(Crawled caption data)
'''

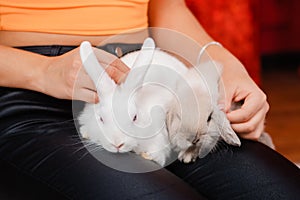 Close-up of two rabbits, a lop-eared and an albino, are sitting on the lap of the hostess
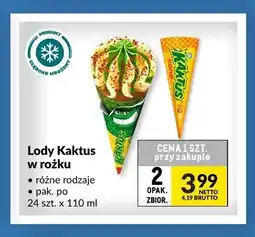 Makro Lody Kaktus w rożku oferta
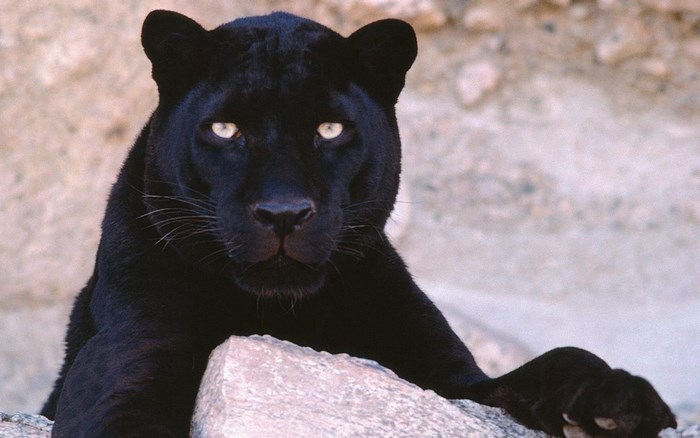 Black Panther resting on rocks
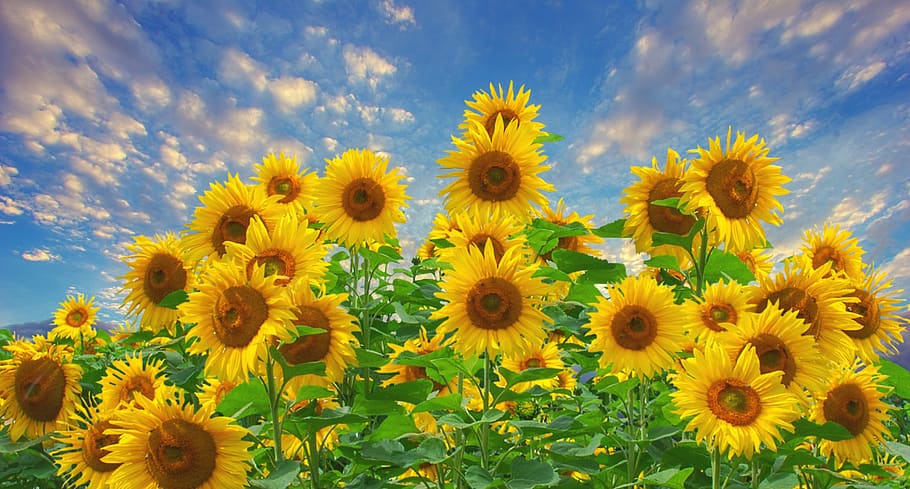 sunflower, sunshine, blue sky, clouds, weather, field, blossom, bloom, bee-friendly, cheerful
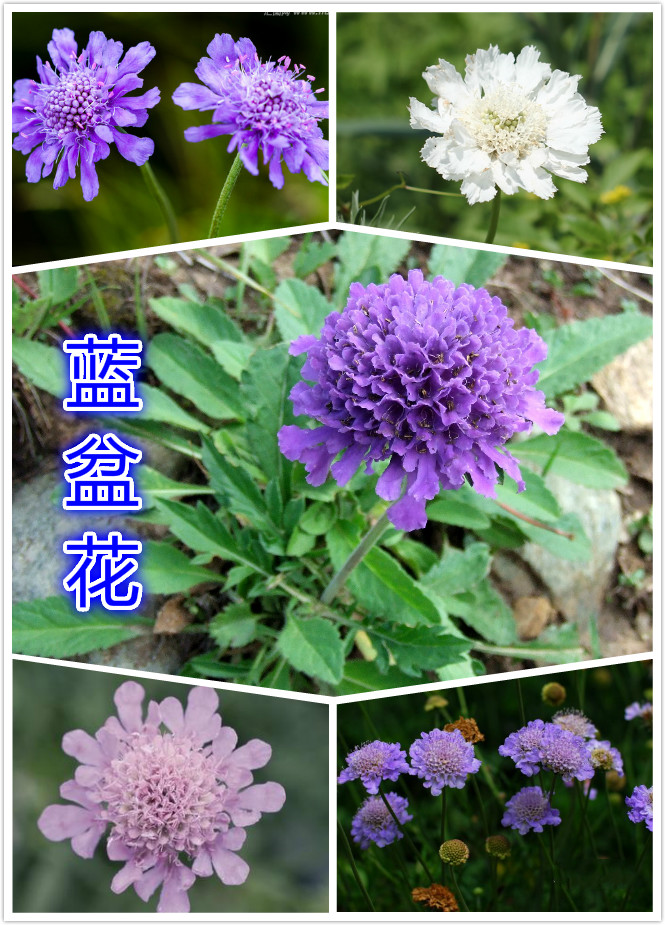 軨.jpg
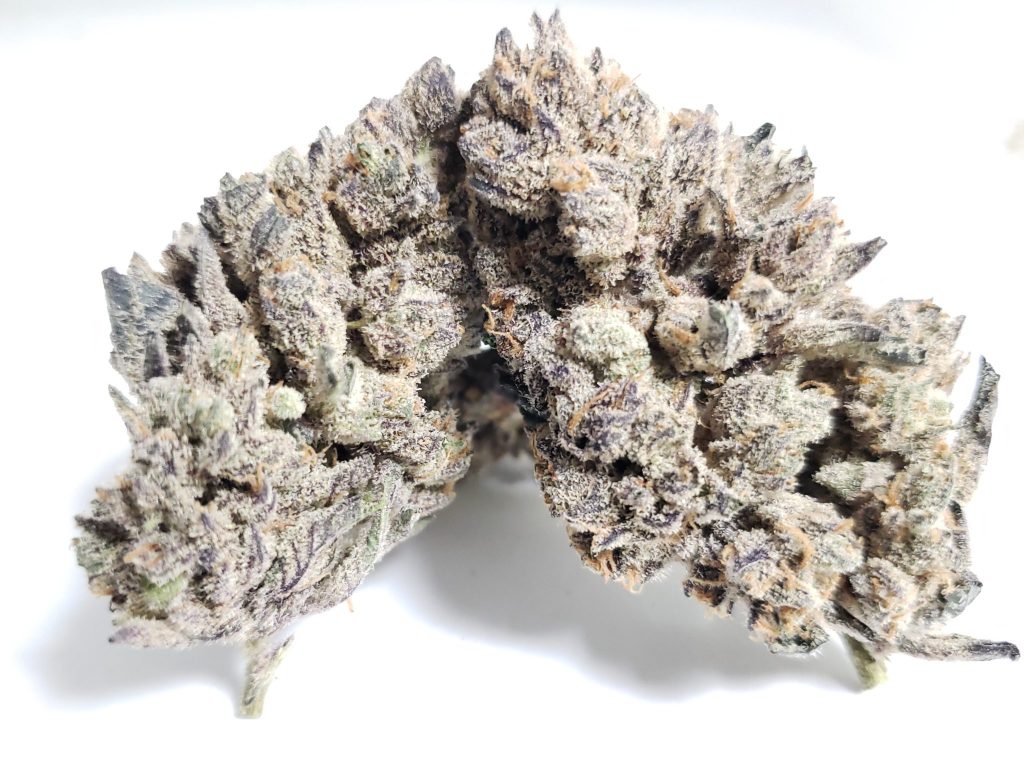 Sky High Exotics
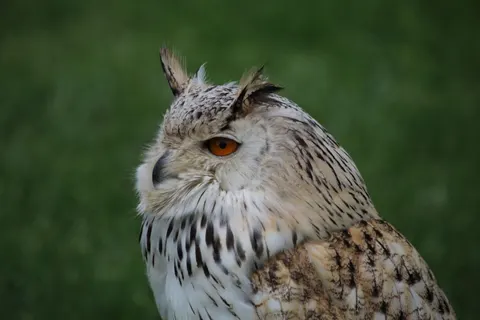 Baykuş Portresi 4K Duvar Kağıdı · birds · 3840×2560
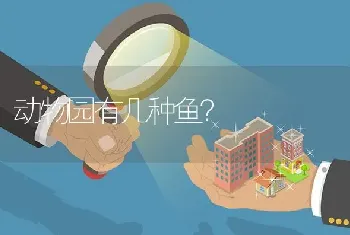 动物园有几种鱼？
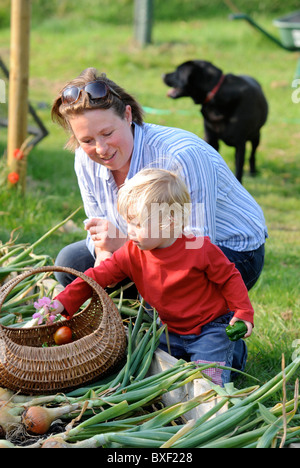 Una madre e suo figlio con un raccolto di fresco cipolle tirato da un letto sollevata in un giardino Inglese comune fiori Farm Regno Unito Foto Stock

'''

[What the task asks]:
Starting at the line that contains "Makro Lody Kaktus w rożku oferta", transcribe each line through the last one of the entries above, exactly and without pictures.

[Answer to this task]:
 Makro Lody Kaktus w rożku oferta
 Black Panther resting on rocks
 sunflower, sunshine, blue sky, clouds, weather, field, blossom, bloom, bee-friendly, cheerful
 軨.jpg
 Sky High Exotics
 Baykuş Portresi 4K Duvar Kağıdı · birds · 3840×2560
 动物园有几种鱼？
 Una madre e suo figlio con un raccolto di fresco cipolle tirato da un letto sollevata in un giardino Inglese comune fiori Farm Regno Unito Foto Stock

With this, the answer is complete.